[Records contained in a dataset]

········

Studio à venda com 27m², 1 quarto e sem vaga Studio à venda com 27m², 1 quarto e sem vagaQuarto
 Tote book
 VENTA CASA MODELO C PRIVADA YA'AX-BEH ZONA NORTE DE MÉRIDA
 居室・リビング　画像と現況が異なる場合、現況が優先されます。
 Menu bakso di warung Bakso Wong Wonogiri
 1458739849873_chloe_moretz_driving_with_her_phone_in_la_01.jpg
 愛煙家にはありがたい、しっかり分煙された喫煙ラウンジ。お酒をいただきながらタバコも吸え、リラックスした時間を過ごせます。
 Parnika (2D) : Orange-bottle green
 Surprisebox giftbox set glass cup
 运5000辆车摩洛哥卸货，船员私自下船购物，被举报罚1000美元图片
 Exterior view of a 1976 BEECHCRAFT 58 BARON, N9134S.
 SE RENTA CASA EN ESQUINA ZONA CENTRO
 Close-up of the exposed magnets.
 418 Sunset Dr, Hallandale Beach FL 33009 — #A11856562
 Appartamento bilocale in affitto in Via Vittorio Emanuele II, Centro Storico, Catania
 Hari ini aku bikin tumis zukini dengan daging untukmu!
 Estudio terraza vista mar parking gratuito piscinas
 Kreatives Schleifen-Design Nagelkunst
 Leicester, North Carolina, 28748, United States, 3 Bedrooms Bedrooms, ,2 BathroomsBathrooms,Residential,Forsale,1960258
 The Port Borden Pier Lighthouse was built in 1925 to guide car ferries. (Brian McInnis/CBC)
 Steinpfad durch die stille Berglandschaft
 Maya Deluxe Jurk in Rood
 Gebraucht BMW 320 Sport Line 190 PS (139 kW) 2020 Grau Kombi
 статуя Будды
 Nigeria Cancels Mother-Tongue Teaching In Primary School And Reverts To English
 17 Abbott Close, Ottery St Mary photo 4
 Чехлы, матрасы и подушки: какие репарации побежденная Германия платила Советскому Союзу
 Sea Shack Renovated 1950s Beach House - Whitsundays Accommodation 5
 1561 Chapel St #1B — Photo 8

········

Task:
Scan the lines above for the word "Close" and copy every one where it occurs.

Response to the task:
 Close-up of the exposed magnets.
 17 Abbott Close, Ottery St Mary photo 4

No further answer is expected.